Le aziende partecipate del Nord-Ovest del settore dei rifiuti urbani realizzano un fatturato di oltre 900 milioni, occupando circa 5.700 addetti. Il valore economico generato è distribuito per il 52% alle imprese che forniscono beni e servizi, per il 32% al personale alle dipendenze, per il 4% alla pubblica amministrazione e un 1,4% ai finanziatori, mentre un 11% è trattenuto dalle aziende per la remunerazione del capitale proprio e sotto forma di ammortamenti, riserve e accantonamenti. I dati sugli investimenti, a disposizione per un campione di aziende che servono circa 1/3 della popolazione residente, restituiscono un impegno di risorse per 81,6 milioni di euro, corrispondenti a 20 euro pro capite, e in calo negli anni più recenti. Utilitalia stima in 5 miliardi di euro il fabbisogno di investimenti per lo sviluppo della raccolta differenziata e dell’impiantistica necessaria al recupero e alla valorizzazione dei rifiuti.
L’analisi delle performance economico-finanziarie mostra una buona redditività delle aziende di maggiori dimensioni (patrimonio netto superiore al milione di euro), accreditate di un margine operativo lordo tra il 12% e il 14%, e una buona solidità finanziaria.

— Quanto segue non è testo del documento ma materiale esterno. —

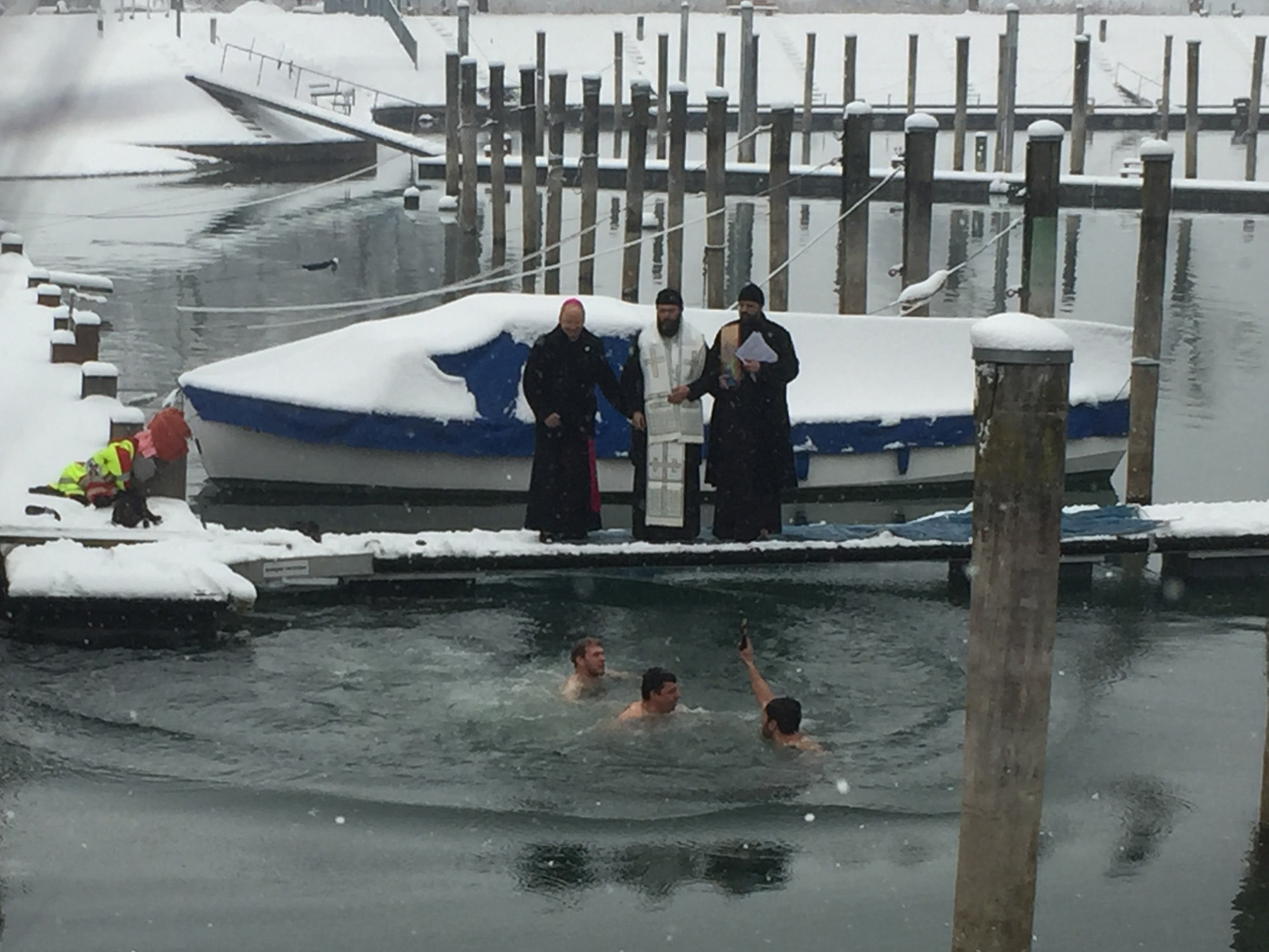 Wasserweihe am 8. Januar 2017 am Bodensee/Bregenz 20170107 08kl 6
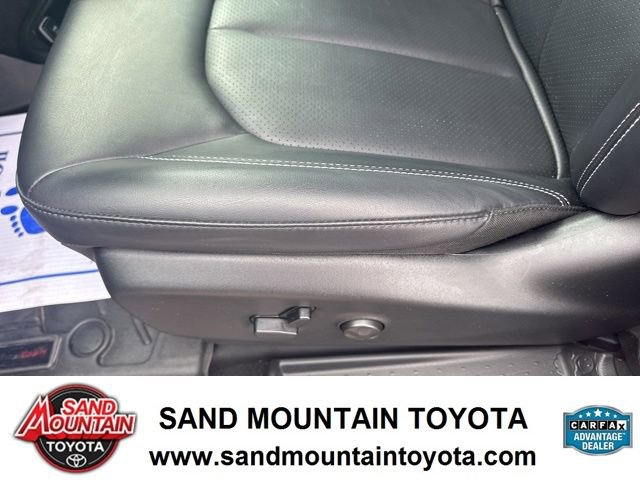 Used 2025 Chrysler Pacifica Select FWD image 15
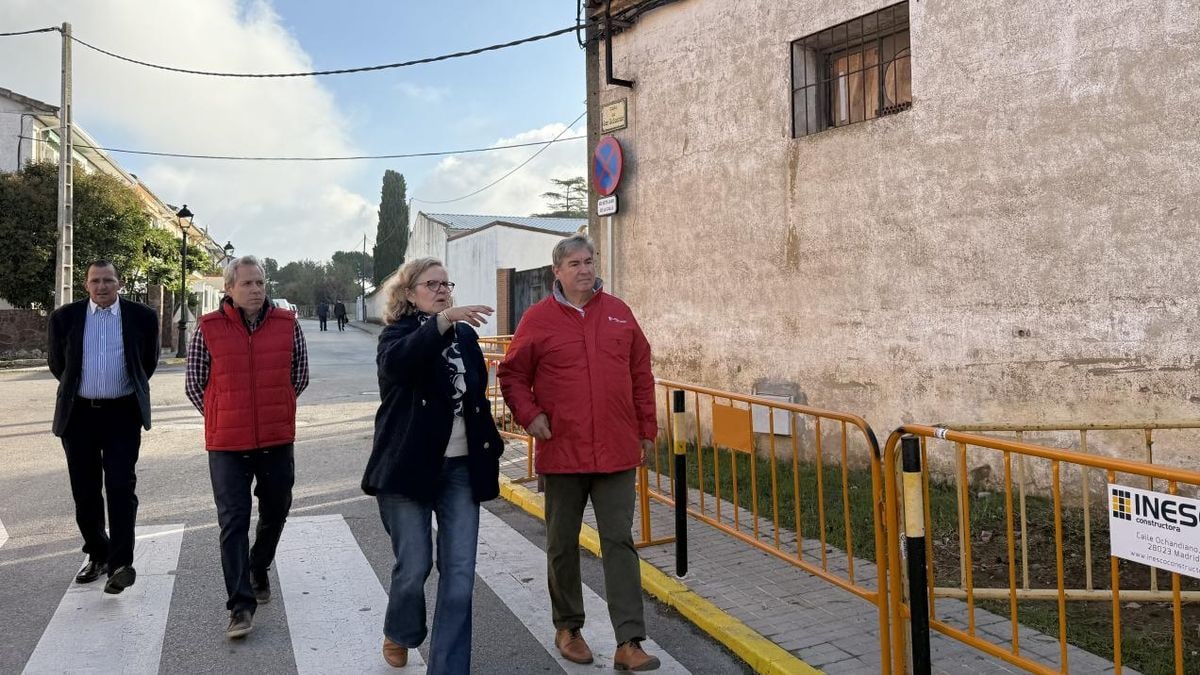 Imagen ilustrativa: fachada de un edificio municipal iluminada por farolas y focos al anochecer, con una acera vacía en primer plano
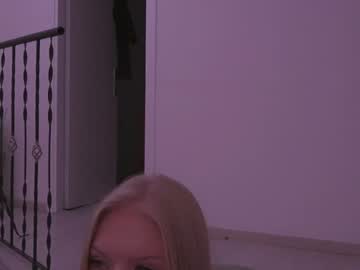 Sonyaplush Chaturbate stream image from December 17, 2024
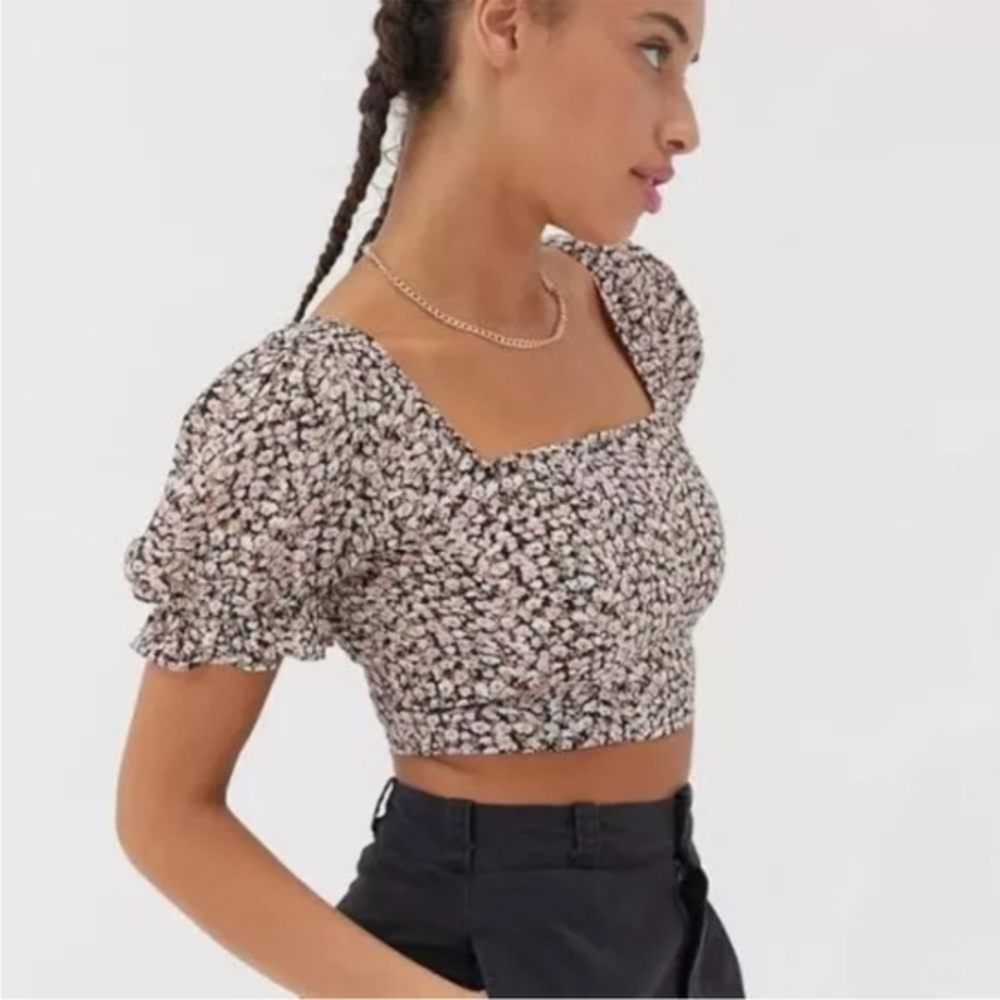 Urban Outfitters Mia Puff Short Sleeve Crop Top Sz Small Floral Multicolor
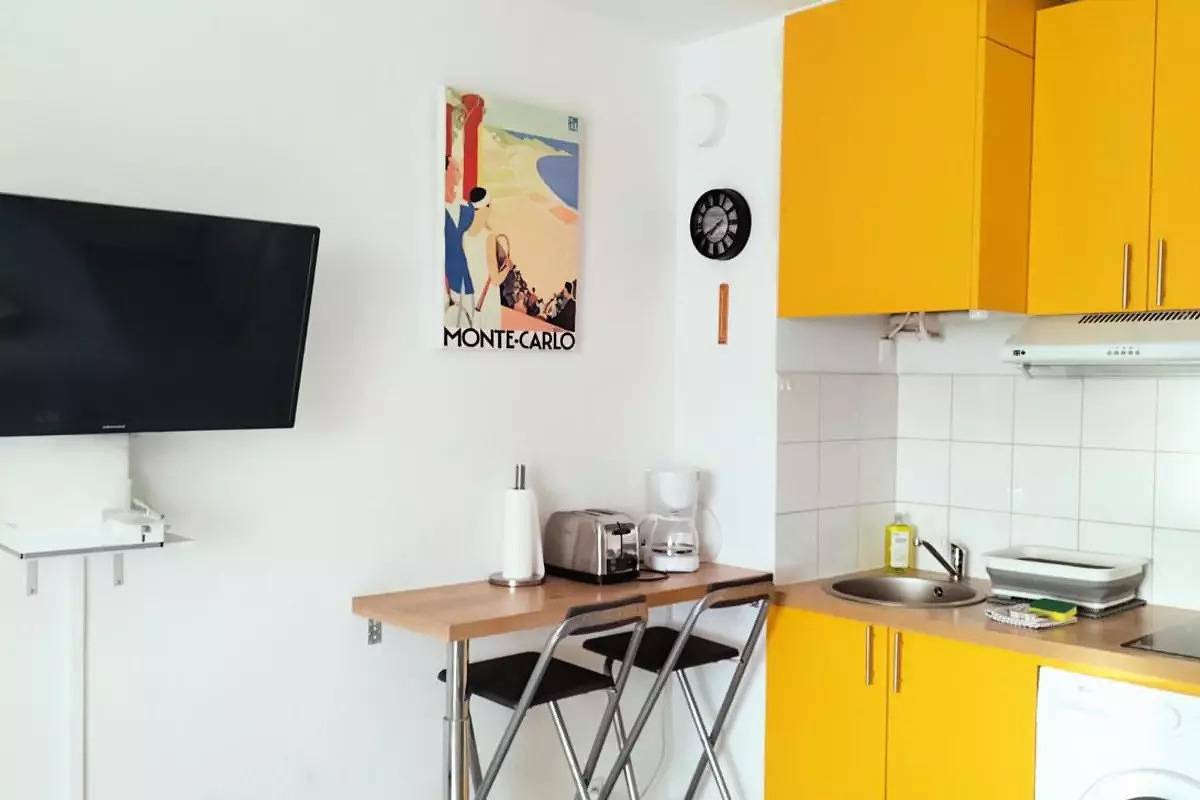 Studio entier, Studio pour 4 Personnes in Sanary-sur-Mer, Côte méditerranéenne (France)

Le performance si invertono nelle aziende di dimensioni minori (patrimonio netto inferiore al milione), dove la redditività si ferma al 9% e la salute finanziaria è precaria a causa di uno squilibrio tra capitale proprio e di terzi.

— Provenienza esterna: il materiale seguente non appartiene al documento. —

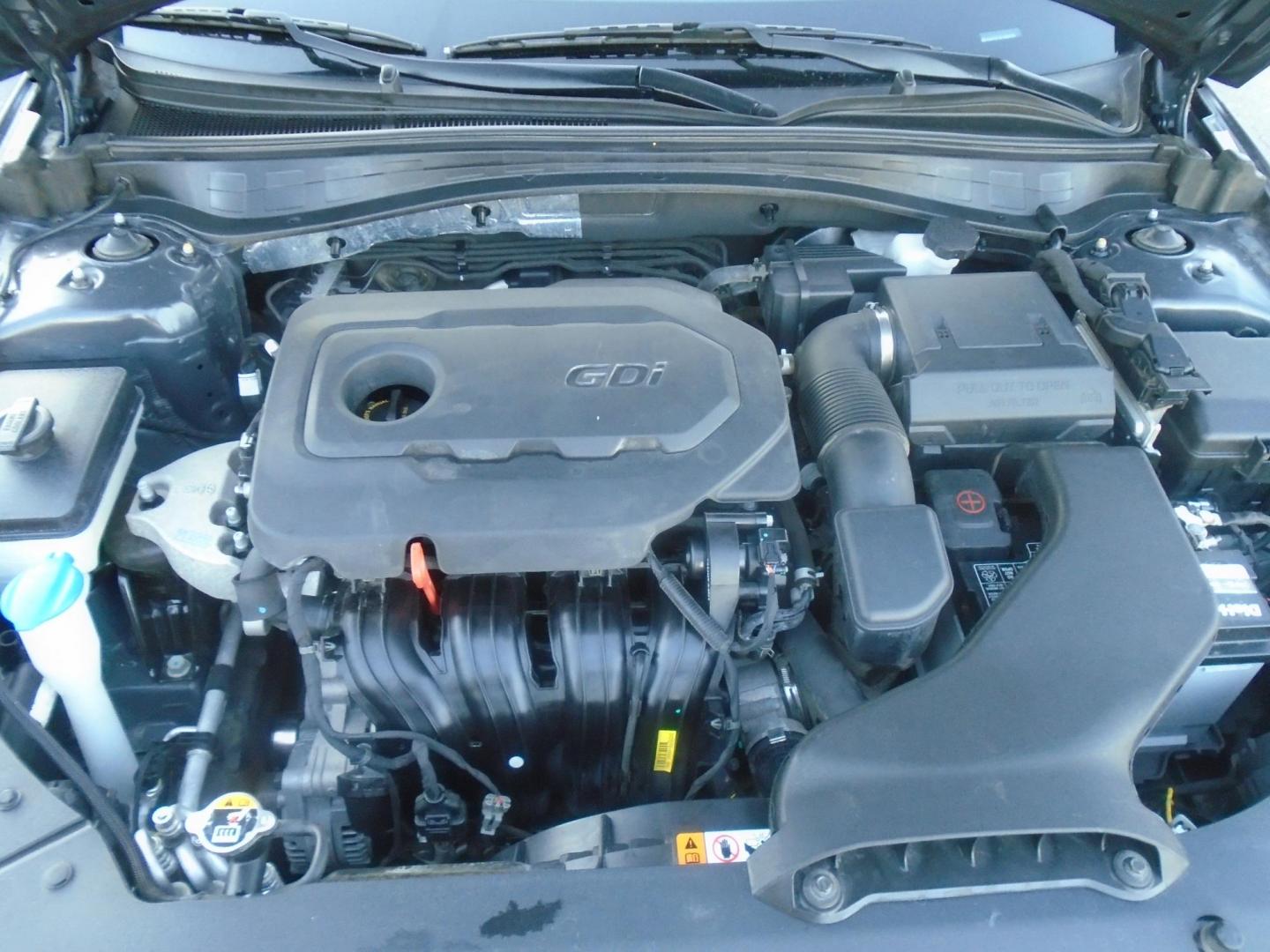 2020 Kia Optima LX (5XXGT4L32LG) with an 2.4L L4 DOHC 16V engine, 6A transmission, located at 6112 N Florida Avenue, Tampa, FL, 33604, (888) 521-5131, 27.954929, -82.459534 - Photo#8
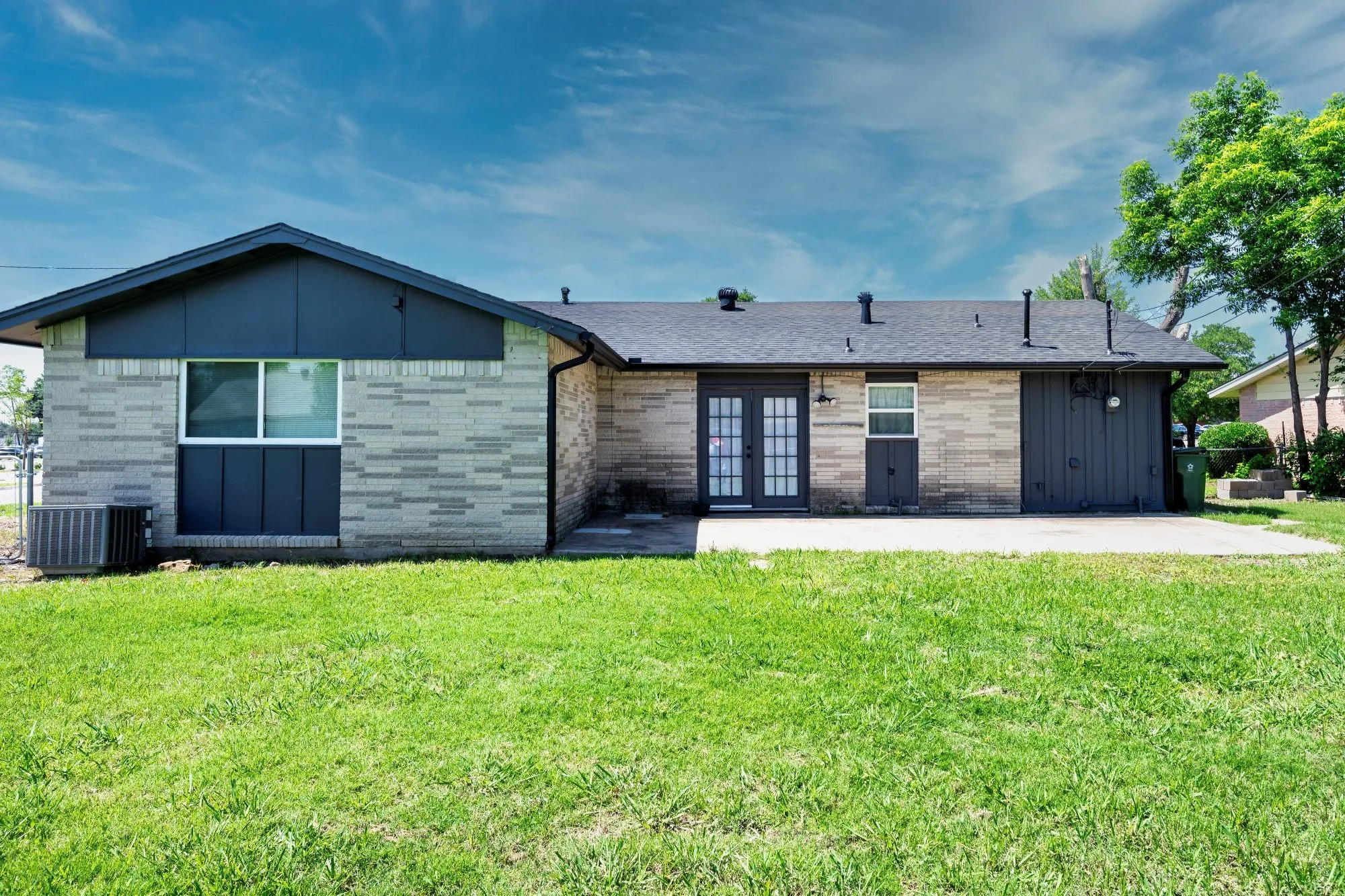 Single Family Residence For Sale in Tarrant County , 2221 Marilyn Lane, Arlington, Texas 76010, 4 Bedroom, 2 Bathroom, Garage spaces, 1,717 Sqft, built in 1963, mls#21367466, Real Estate Agent in Arlington, Homes For Sale in Tarrant county, Homes For Sale in Arlington, Realtor in Arlington Texas, Real Estate Brokerage Independent Realty Texas, Luminita Cordes Realtor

Accanto alle dimensioni gli indicatori di redditività e solidità finanziaria sono influenzati dalla fase della filiera in cui le aziende operano. Come rilevato anche da analisi di settore di Cassa depositi e prestiti e Utilitatis, i gestori proprietari di impianti di trattamento dei rifiuti, fase a più elevata intensità di capitale della filiera, presentano una maggiore redditività, come contropartita della maggior incidenza degli ammortamenti, e un valore della produzione per addetto più elevato, rispetto agli operatori della raccolta e del trasporto dei rifiuti urbani.
Nel confronto europeo, le prime 10 aziende del Nord-Ovest mostrano una taglia coerente, se non addirittura maggiore, rispetto a quella delle imprese europee. È da sottolineare tuttavia come nei Paesi europei considerati operino società territoriali presenti a livello sovranazionale (quali Suez, Veolia e Indaver, operanti tra Francia, Paesi Bassi, Belgio e Germania).

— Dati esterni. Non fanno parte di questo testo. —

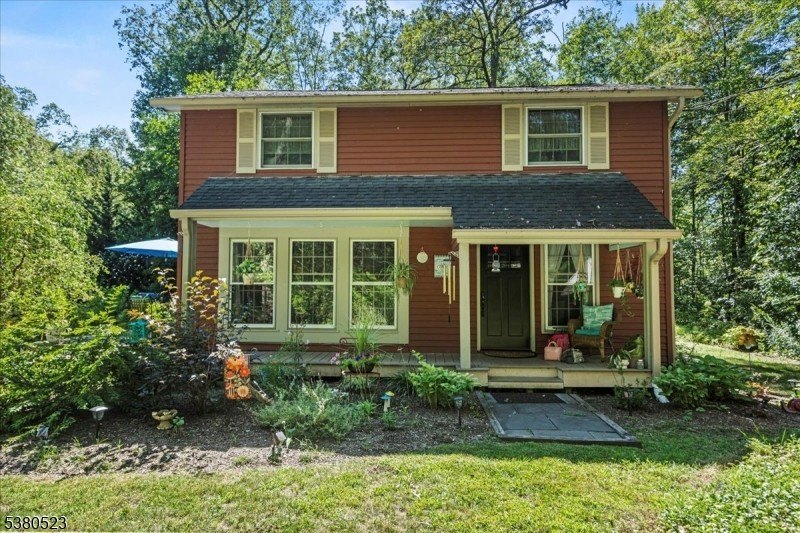 Currently Displayed Property Photo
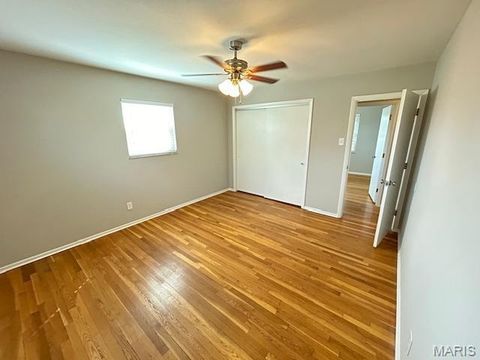 Tiny photo for 724 Clarence Drive, St Charles, MO 63301 (MLS # 26018791)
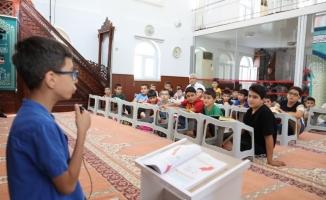Başkan Güder’den, Kur'an kursu öğrencilerine ilgi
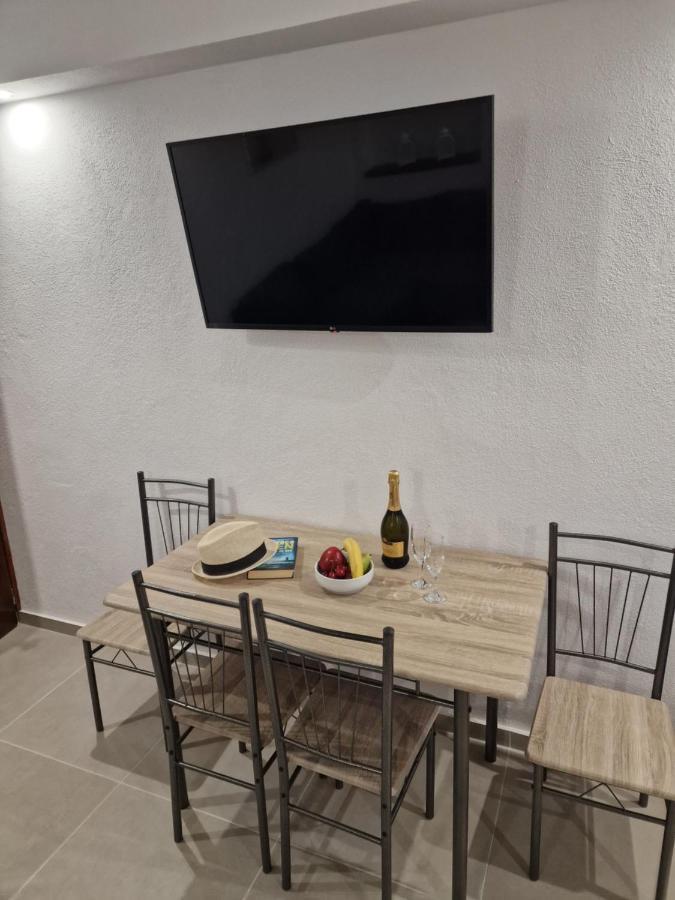 Το Στενάκι Apartment Skiathos Town Bagian luar foto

Inoltre, come si è già avuto modo di dire, l’organizzazione del settore incide sulle prestazioni delle aziende, tanto che aziende che operano lungo l’intero ciclo integrato e imprese che gestiscono singole fasi della filiera (raccolta e trasporto, impianti di compostaggio, termovalorizzazione o riciclaggio, discariche) presentano tra loro caratteristiche tecnologiche, dimensionali e di redditività molto differenti.
In questi termini, è importante ricordare che Paesi Bassi, Germania e Belgio, presentano una struttura significativamente diversa del settore rispetto all’Italia, incentrata sul recupero di materia ed energia.